The person requested anonymity because they were not authorized to speak publicly until the deal is official. 

The Lakers will also get Malik Beasley and Jarred Vanderbilt from Utah. Minnesota also will receive Nickeil Alexander-Walker and picks, and the Jazz will get Juan Toscano-Anderson and a first-round draft pick from the Lakers. 

Westbrook may seek a buyout from the Jazz so he can join a potential contender.

The Westbrook experiment never quite yielded the results the Lakers sought when they acquired him from Washington in the summer of 2021. He wasn’t a fit alongside LeBron James and Anthony Davis with the Lakers missing the playoffs last season, resulting in coach Frank Vogel’s dismissal, and the Lakers are just 25-30 and in 13th place in the Western Conference this season.

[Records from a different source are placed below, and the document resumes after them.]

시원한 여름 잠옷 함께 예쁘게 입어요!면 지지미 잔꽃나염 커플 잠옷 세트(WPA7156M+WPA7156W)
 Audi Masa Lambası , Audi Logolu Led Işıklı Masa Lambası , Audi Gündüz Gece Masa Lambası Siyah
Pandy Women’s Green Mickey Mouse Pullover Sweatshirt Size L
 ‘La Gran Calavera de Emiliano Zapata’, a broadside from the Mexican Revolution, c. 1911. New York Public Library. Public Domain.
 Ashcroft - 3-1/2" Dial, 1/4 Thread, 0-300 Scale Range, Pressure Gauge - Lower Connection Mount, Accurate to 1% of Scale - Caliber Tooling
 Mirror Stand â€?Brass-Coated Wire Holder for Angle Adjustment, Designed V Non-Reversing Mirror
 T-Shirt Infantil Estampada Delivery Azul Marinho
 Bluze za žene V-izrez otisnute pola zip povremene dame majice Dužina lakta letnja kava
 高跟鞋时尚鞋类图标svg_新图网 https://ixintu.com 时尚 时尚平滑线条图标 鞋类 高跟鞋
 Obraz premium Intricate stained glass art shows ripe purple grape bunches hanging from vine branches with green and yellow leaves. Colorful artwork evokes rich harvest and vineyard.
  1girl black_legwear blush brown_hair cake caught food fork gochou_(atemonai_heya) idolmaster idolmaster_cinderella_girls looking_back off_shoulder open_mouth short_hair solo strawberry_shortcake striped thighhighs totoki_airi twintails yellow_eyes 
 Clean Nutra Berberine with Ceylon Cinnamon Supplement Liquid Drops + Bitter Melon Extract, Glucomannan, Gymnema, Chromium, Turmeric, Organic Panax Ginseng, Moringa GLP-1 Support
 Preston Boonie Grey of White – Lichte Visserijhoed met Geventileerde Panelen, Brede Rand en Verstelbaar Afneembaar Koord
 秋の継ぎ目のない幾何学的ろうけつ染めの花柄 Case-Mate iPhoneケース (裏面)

Follow every game: Latest NBA Scores and Schedules

Even under .500, the Lakers are two games behind the Jazz for a play-in spot and four games behind sixth-place Dallas, which just acquired Kyrie Irving from the Nets.

First-year Lakers coach Darvin Ham moved Westbrook to the bench and that staggered the minutes James, Davis and Westbrook were on the court together and freed up Westbrook to play his style. It worked to some degree but not enough to lift the Lakers into solid playoff position.

Los Angeles explored trades for Westbrook before and during this season but were unable to move him until this deal. Westbrook, who is in the final year of a five-year, $206.7 million contract that pays him $47 million this season, averages 15.9 points, 7.5 assists and 6.2 rebounds and is shooting 41.7% from the field and 29.6% on 3-pointers.

Russell returns to the Lakers, the team that drafted him with the No. 2 pick in 2015. The Lakers traded him to Brooklyn after just two seasons, and the Nets dealt him to Golden State as part of the deal that allowed the Nets to sign Kevin Durant. Russell was on the move again in 2020 when Golden State traded him to Minnesota in the deal that sent Andrew Wiggins to the Warriors.

Russell is in the final year of a four-year, $117.3 million contract so the Lakers can retain salary cap space for free agency after this season. An All-Star in 2019, Russell averages 17.9 points and 6.2 assists and shoots 46.5% from the field and 39.1% on 3-pointers this season. He is talentet, but he has been shuttled from one team to another in an eight-year career.

The Lakers are desperate for help. James just passed Kareem Abdul-Jabbar as the NBA’s all-time leading scorer.

Conley has one season left on his contract, but just $14.3 million of the $24.3 million is guaranteed for the 2023-24 season. The Jazz continue to rebuild the roster with team CEO Danny Ainge running basketball operations alongside general manager Justin Zanik. Since July, the Jazz have accumulated 12 first-round picks in trades.